## [Work task]
Skip the pictures and restate, word for word, the lines from the one containing "綿100% ヴィンテージ風 半袖Tシャツ（背面プリント）" to the end of the data below.

--- Provided material Enclosed Below ---

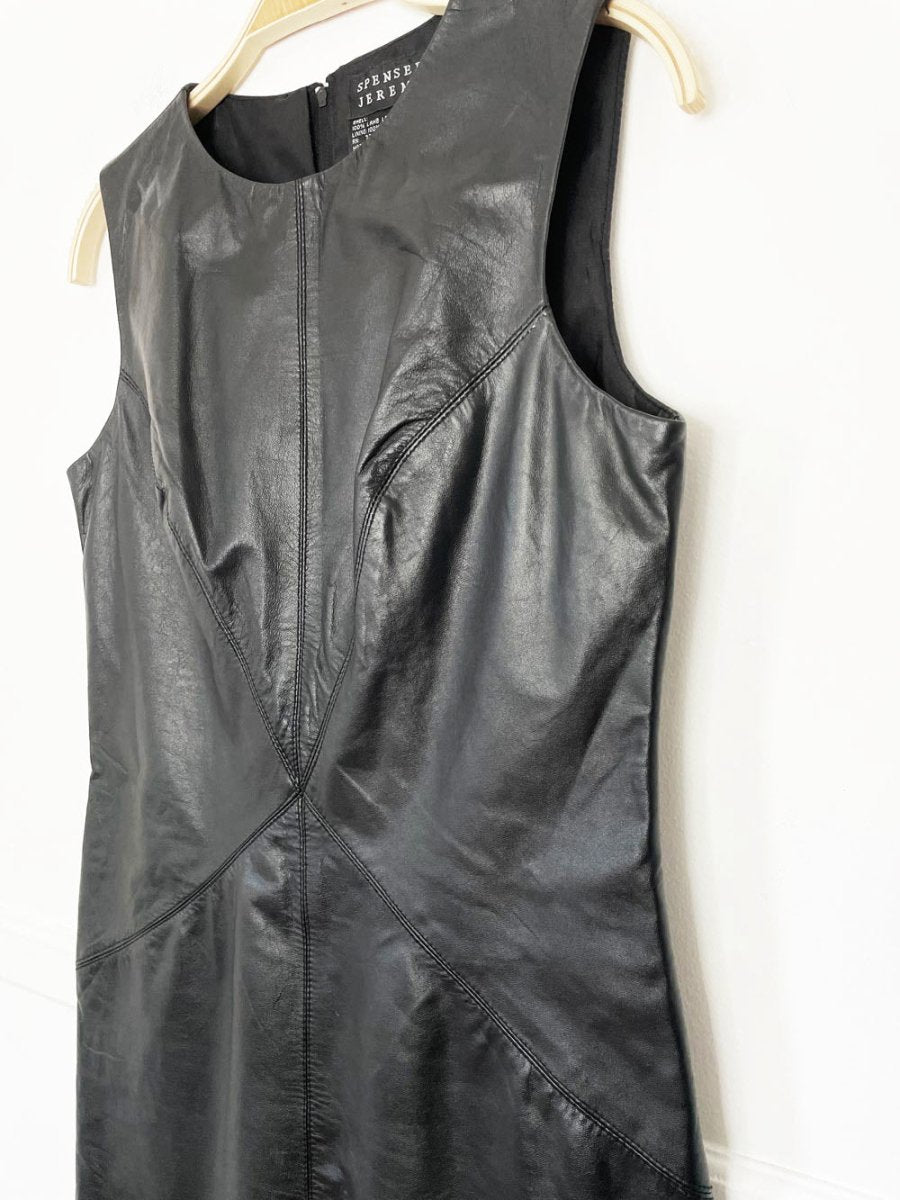 vintage 00s spenser jeremy lamb leather fitted sleeveless mini dress - good market thrift store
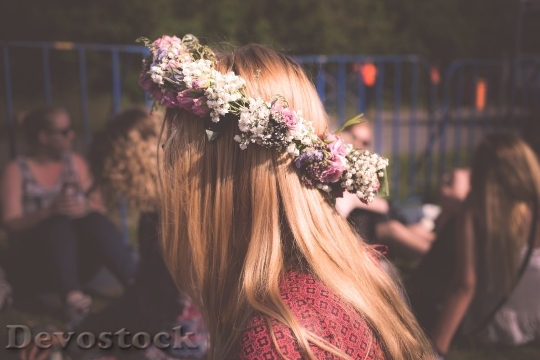 Devostock Fashion Woman Flowers 4K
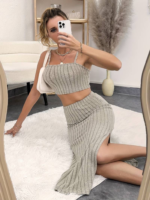 Kadın Kolsuz Askılı Crop Yırtmaçlı Midi Etek Fitilli Kaşkorse Takım - Görsel 4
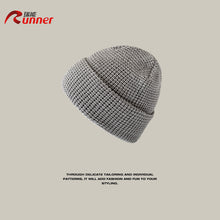 Load image into Gallery viewer, Warm Winter Knit Beanie Hats Japanese Style Simple Plaid Men's and Women's Cold Pullover Unisex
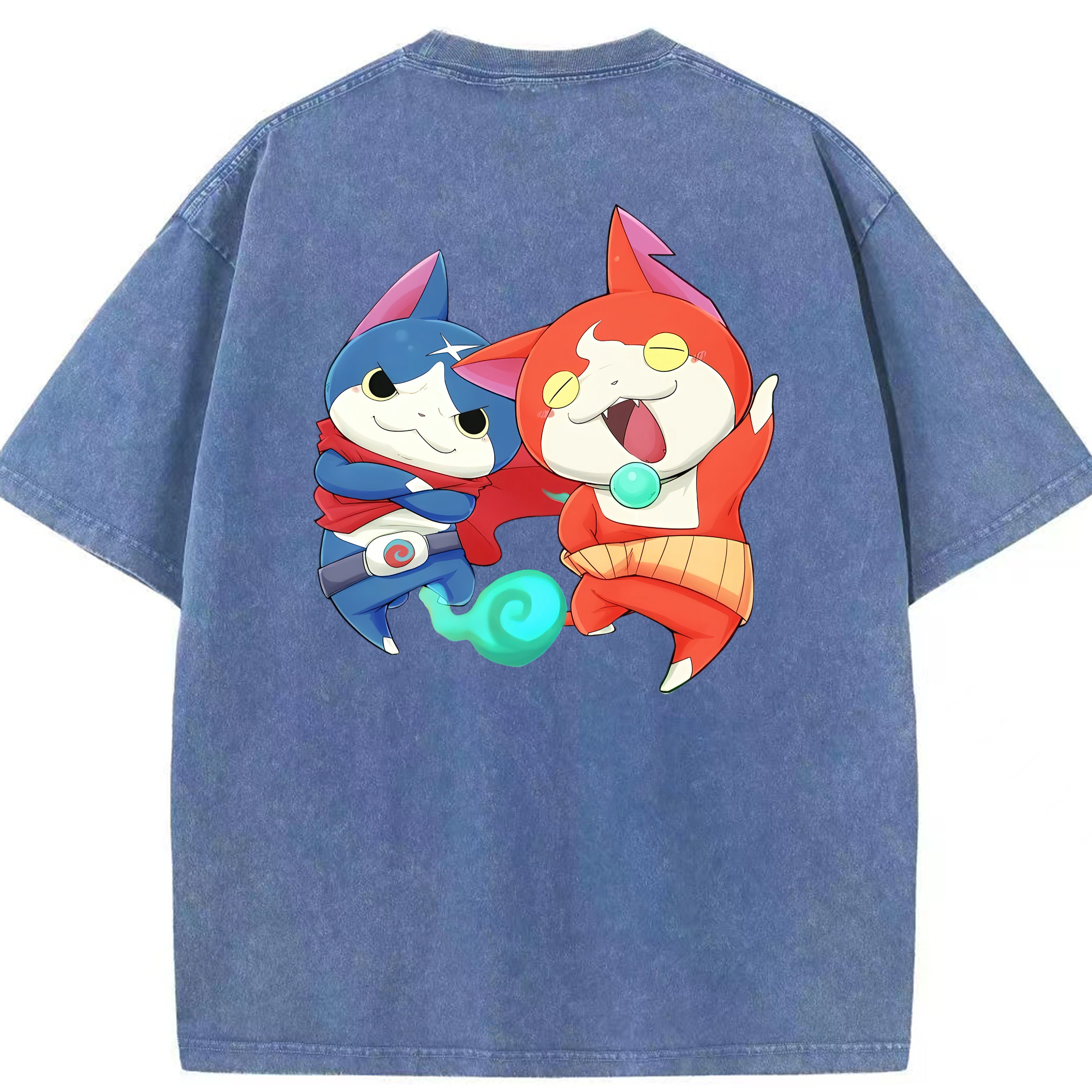 （画像用） 妖怪ウォッチ Yo-kai Watch 綿100% ヴィンテージ風 半袖Tシャツ（背面プリント）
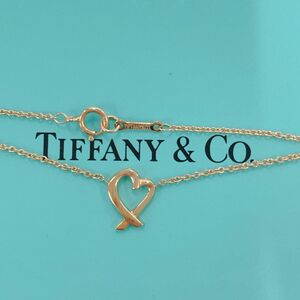 Tiffany ティファニー ネックレス　ラビングハート　K18YG イエローゴールド　750 2.3g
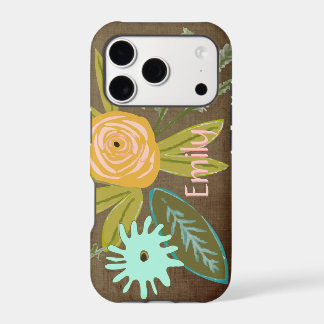 Boho Blush Pink Coral Green Floral Fern Leaf Acorn iPhone 17 Pro Case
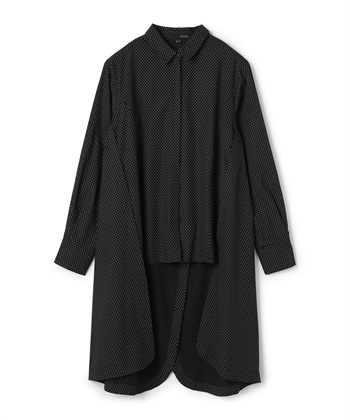 前後差デザインシャツ(ブラック-36)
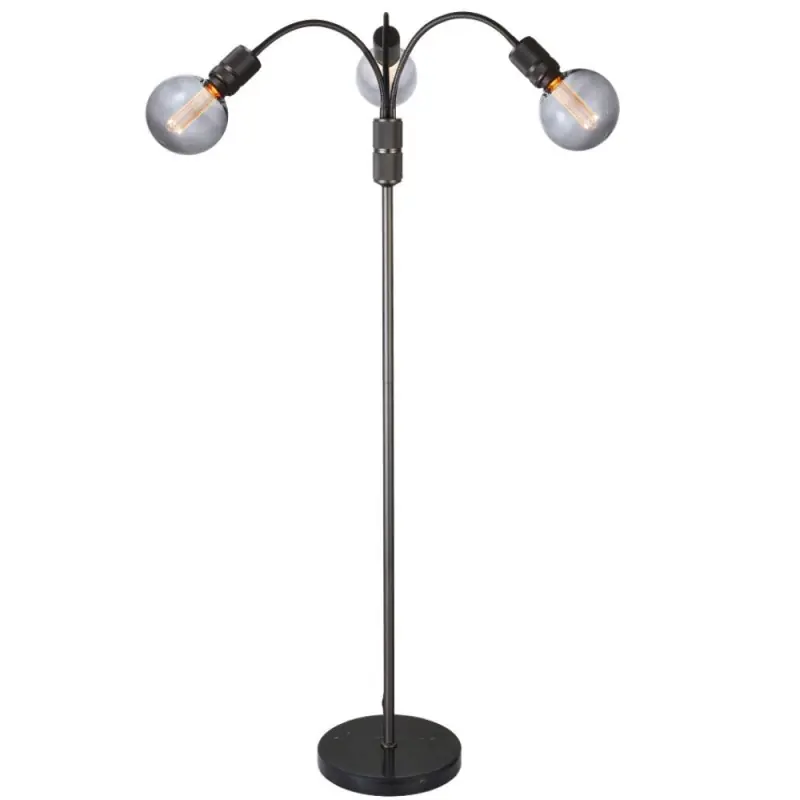 HALO 3L lampadaire l. 3XE27, Gun-noir / base marbre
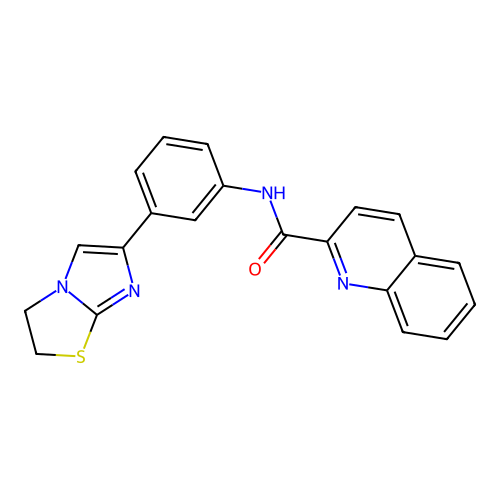 N-[3-(2,3-dihydroimidazo[2,1-b][1,3]thiazol-6-yl)phenyl]quinoline-2-carboxamide structure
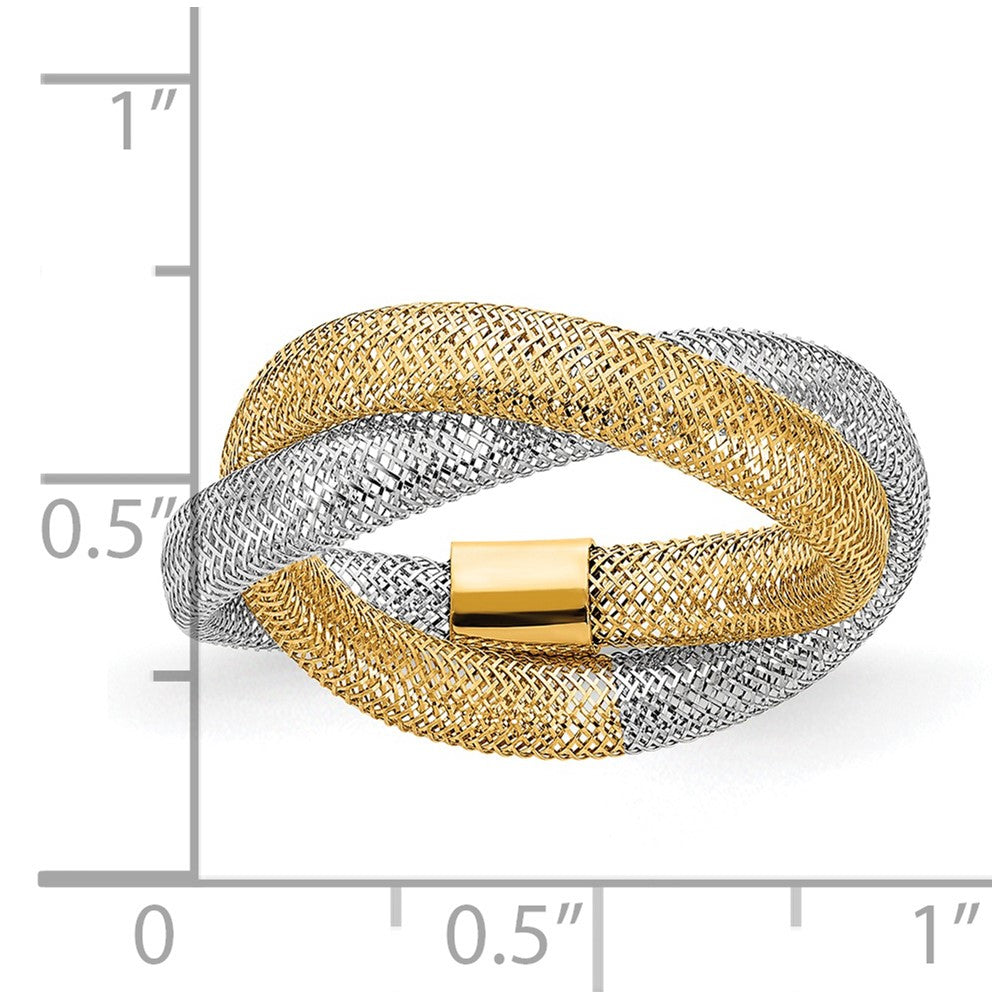 14K Gelb & Rhodium mit Geflochten Netz Dehnbar Ring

--- End of Enclosed Provided material ---

## [Answer to this task]
 （画像用） 妖怪ウォッチ Yo-kai Watch 綿100% ヴィンテージ風 半袖Tシャツ（背面プリント）
 Tiffany ティファニー ネックレス　ラビングハート　K18YG イエローゴールド　750 2.3g
 Boho Blush Pink Coral Green Floral Fern Leaf Acorn iPhone 17 Pro Case
 前後差デザインシャツ(ブラック-36)
 HALO 3L lampadaire l. 3XE27, Gun-noir / base marbre
 N-[3-(2,3-dihydroimidazo[2,1-b][1,3]thiazol-6-yl)phenyl]quinoline-2-carboxamide structure
 14K Gelb & Rhodium mit Geflochten Netz Dehnbar Ring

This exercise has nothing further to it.